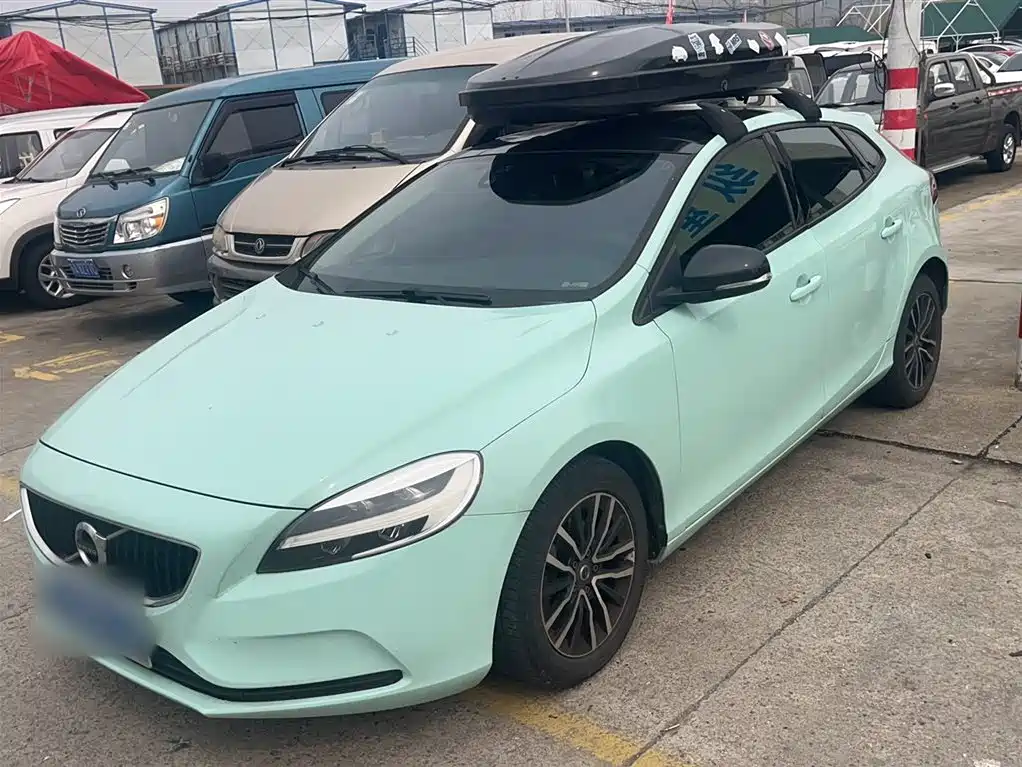 Volvo V40 2018 2017 T3 Inscription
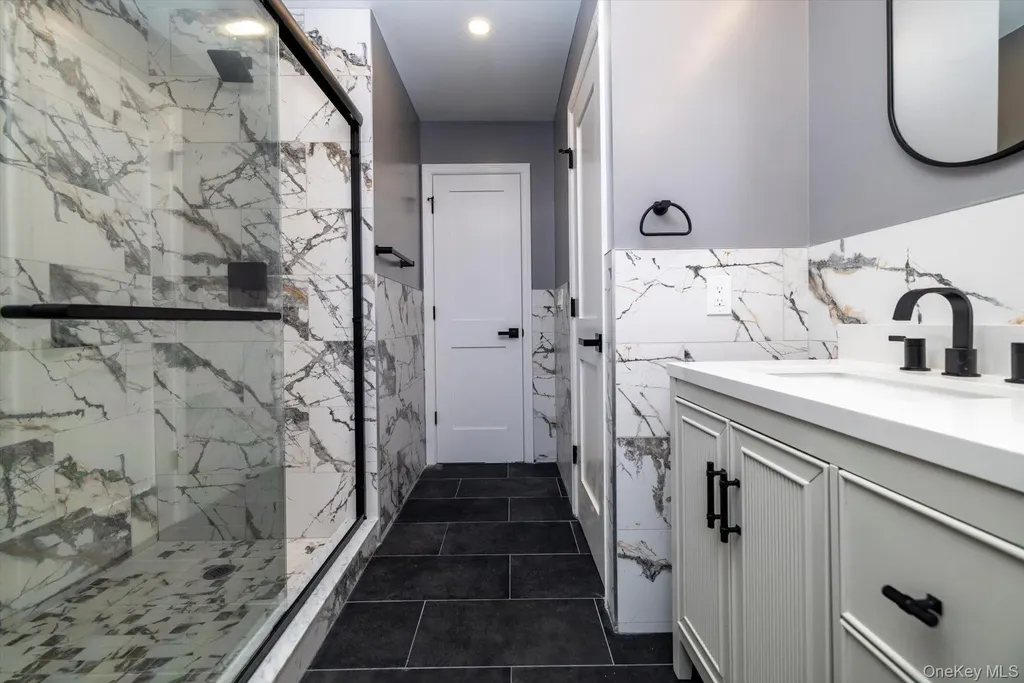 38 Heather Lane Levittown NY 11756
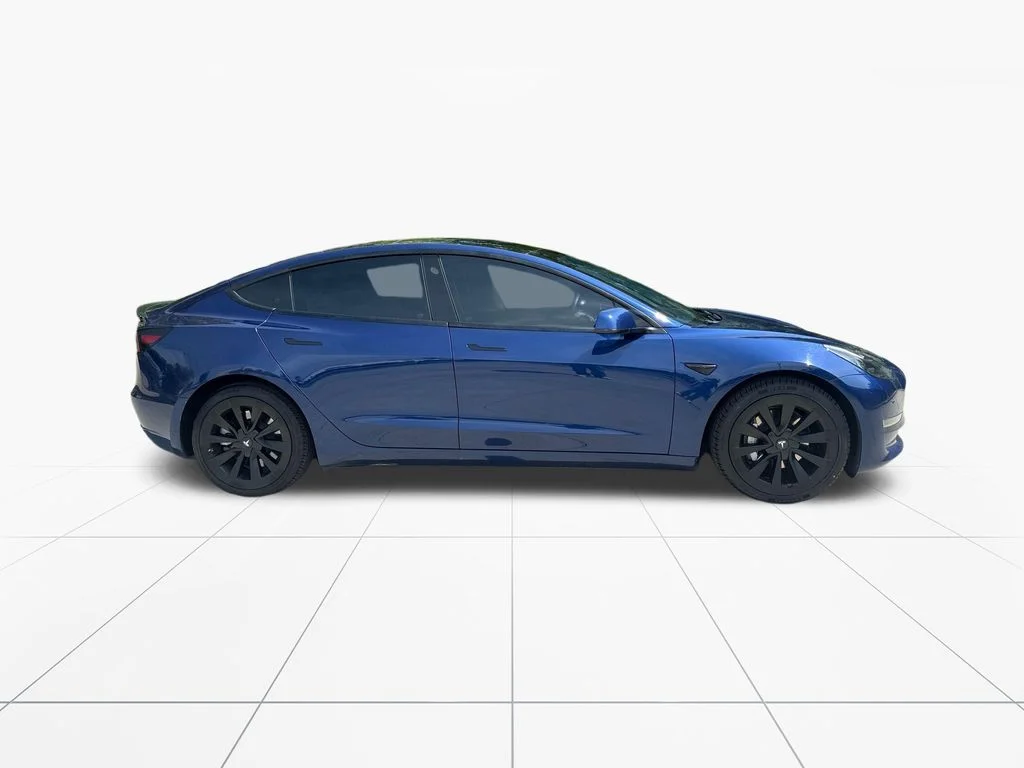 Used 2023 Deep Blue Metallic Tesla Base image 9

------------------------------

• What is being asked:
Once the pictures are set aside, output the whole listing exactly.

• Task solution:
 Volvo V40 2018 2017 T3 Inscription
 38 Heather Lane Levittown NY 11756
 Used 2023 Deep Blue Metallic Tesla Base image 9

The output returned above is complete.